Turbulence is a ubiquitous phenomenon appearing in very different systems over an extremely wide range of scales, from microns to kilometres. In this sense turbulence is not a single problem, but rather a huge field of interdisciplinary research with applications to different disciplines. For example, state of the art simulations of turbulent puffs (see Fig. 1) are applicable to real-life situations and understanding their dynamics is crucial in a variety of situations ranging from industrial processes to pure and applied science.

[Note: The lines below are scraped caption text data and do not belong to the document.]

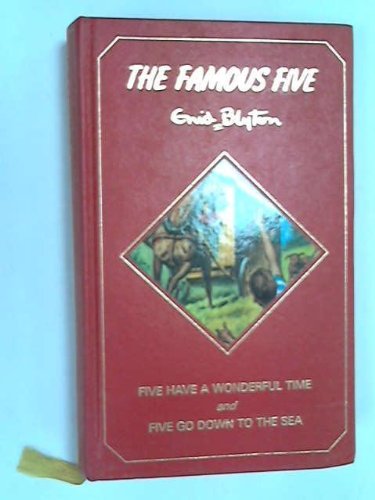 Imagen de archivo de The Famous Five: Five Have a Wonderful Time; Five Go Down to the Sea [Heron Books] [Hardcover] Enid Blyton a la venta por Re-Read Ltd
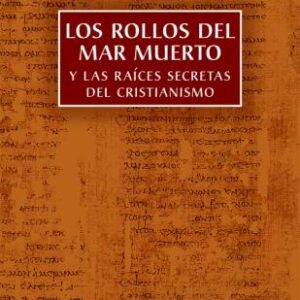 Los rollos del mar Muerto y las raíces secretas del cristianismo
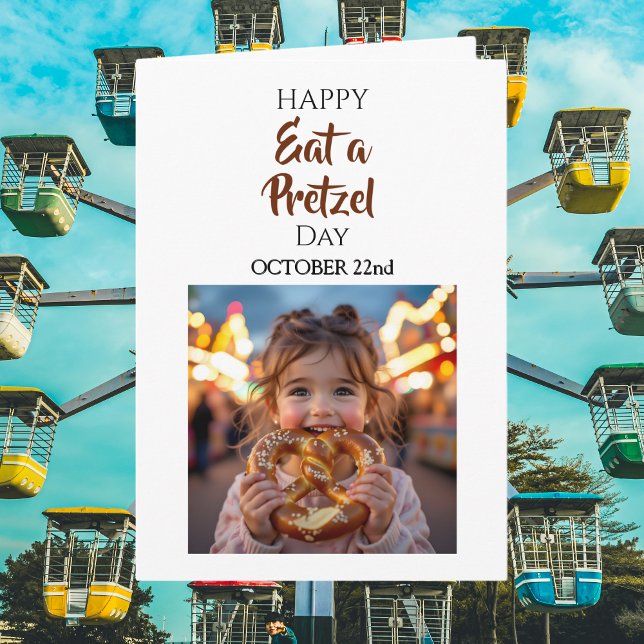 Eat a Pretzel Day | October 22nd  Karte (Von Creator hochgeladen)
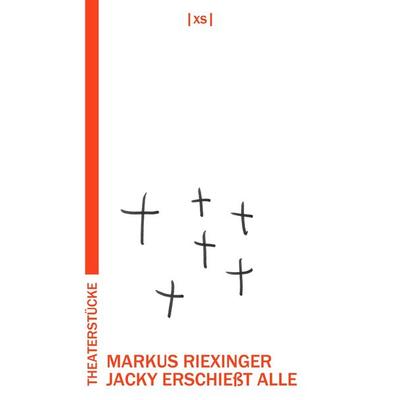 Jacky erschießt alle, Paperback von Markus Riexinger, XS-Verlag, 978-3-944503-03-5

The FieldTurb initiative is focused on the problem of "Particles and Fields" transported by, and interacting with, complex and turbulent flows. The aim of the project is to gain a better understanding of fundamental questions involving general problems of classical field theories of out-of-equilibrium systems at macro-, micro- and nano-scales, as well as of many applied problems involving, e.g. energy production and transfer, interface functionalization and autonomous navigation. The challenge is to export the knowledge and methodologies developed for the ideal case of Newtonian turbulence to the case of suspensions, foams and emulsions. In general, the objects transported by the flow possess internal degrees of freedom, such as elastic polymers, fibers, or complex particles. One important question is to understand which kind of turbulence emerges from the interactions between the complex constituents of the fluid, and its degree of universality with respect to the detailed microscopic model. The behaviour of particles in complex flows becomes particularly intriguing when particles are active probes, in the sense that they optimise trajectories with respect to some prefixed strategy (see Fig. 2 for an example of active particle trying to catch or stay close to a moving target, like another particle transported by the flow), or simply because they are self-propelled objects (bacteria, biological filaments, artificial swimmers). Both classes of systems pose important challenges from the fundamental point of view of out-of-equilibrium statistical mechanics and open the doors to new generations of devices.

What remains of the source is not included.